Provided information: Begin
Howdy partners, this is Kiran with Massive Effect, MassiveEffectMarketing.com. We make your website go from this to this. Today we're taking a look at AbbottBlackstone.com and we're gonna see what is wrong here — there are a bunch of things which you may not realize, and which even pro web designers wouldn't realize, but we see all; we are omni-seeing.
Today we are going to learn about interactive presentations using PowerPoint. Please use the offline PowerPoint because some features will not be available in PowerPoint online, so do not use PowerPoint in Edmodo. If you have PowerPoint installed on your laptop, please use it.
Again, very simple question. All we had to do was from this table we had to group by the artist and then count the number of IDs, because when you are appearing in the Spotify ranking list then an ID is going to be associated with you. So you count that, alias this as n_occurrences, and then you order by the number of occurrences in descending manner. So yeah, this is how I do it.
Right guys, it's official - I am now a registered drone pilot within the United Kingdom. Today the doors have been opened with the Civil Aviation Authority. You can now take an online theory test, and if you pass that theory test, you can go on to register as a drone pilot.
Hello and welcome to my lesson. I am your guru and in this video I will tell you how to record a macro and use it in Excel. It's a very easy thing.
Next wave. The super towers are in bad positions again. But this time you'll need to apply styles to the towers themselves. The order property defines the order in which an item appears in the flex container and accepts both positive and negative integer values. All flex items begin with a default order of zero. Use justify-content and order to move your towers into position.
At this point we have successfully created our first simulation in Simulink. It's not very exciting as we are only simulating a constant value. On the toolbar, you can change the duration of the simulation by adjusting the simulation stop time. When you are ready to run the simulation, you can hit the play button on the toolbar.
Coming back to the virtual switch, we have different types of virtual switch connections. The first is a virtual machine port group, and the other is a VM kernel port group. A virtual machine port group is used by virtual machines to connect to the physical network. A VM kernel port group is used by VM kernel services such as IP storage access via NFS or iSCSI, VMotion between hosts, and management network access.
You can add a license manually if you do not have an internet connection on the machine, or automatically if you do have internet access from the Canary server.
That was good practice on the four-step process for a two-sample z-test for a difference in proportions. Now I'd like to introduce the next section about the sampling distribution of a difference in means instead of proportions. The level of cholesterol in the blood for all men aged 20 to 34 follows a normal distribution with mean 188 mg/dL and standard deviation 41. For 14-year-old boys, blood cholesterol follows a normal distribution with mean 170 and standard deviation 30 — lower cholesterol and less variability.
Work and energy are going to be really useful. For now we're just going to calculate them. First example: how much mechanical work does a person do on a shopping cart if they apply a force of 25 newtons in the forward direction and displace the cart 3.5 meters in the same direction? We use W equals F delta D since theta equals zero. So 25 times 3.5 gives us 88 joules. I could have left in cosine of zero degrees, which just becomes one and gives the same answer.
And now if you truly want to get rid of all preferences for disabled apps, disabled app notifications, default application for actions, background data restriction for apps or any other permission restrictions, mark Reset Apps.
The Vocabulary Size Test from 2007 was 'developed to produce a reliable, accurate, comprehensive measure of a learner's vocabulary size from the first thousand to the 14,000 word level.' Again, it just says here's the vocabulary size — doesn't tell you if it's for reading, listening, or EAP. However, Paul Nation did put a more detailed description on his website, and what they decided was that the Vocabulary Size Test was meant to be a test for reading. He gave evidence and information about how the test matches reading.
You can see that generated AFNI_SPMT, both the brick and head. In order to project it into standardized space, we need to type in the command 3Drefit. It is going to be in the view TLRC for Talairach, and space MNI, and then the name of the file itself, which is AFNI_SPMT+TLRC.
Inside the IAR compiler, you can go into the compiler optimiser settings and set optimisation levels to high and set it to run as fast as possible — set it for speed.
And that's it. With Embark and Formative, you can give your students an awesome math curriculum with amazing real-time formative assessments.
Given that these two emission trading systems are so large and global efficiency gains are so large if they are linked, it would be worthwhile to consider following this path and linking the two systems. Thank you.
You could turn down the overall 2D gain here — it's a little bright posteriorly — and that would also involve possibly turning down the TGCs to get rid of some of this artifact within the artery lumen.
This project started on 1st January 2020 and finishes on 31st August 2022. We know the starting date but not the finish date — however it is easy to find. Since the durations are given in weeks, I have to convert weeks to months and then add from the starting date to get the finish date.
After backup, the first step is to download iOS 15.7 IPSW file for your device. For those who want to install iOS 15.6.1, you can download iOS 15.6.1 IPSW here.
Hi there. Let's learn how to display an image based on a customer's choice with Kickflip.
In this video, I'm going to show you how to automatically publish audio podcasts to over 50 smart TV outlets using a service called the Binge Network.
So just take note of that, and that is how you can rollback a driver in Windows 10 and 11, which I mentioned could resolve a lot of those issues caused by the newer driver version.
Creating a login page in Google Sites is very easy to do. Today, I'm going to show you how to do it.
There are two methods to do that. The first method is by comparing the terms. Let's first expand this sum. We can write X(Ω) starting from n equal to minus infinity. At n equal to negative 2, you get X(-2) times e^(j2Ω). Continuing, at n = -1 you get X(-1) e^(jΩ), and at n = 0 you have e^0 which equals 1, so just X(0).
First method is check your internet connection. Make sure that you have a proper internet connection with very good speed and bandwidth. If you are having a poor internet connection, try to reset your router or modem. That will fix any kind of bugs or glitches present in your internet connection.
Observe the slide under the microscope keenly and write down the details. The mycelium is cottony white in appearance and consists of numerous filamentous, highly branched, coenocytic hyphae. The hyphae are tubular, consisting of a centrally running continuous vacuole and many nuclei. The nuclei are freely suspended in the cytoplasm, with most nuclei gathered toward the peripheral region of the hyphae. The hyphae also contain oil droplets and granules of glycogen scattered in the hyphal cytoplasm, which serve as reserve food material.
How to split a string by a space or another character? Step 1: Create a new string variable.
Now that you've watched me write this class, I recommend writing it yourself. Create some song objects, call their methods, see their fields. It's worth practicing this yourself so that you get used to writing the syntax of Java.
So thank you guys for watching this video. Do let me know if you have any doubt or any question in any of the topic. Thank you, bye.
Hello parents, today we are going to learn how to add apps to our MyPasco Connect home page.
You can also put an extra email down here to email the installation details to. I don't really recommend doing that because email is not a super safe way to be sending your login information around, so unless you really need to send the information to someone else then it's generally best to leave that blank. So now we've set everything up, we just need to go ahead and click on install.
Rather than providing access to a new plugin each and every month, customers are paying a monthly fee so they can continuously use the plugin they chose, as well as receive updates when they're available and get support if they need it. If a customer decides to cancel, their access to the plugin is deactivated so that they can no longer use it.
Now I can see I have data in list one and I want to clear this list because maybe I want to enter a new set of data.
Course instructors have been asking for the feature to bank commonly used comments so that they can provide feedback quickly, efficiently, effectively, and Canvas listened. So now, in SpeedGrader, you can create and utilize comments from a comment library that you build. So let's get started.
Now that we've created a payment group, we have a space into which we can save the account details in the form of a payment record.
Provided information: End
• **What is needed**
Look through the material for "question". Copy each line that has it.

• **Answer below**
Again, very simple question. All we had to do was from this table we had to group by the artist and then count the number of IDs, because when you are appearing in the Spotify ranking list then an ID is going to be associated with you. So you count that, alias this as n_occurrences, and then you order by the number of occurrences in descending manner. So yeah, this is how I do it.
So thank you guys for watching this video. Do let me know if you have any doubt or any question in any of the topic. Thank you, bye.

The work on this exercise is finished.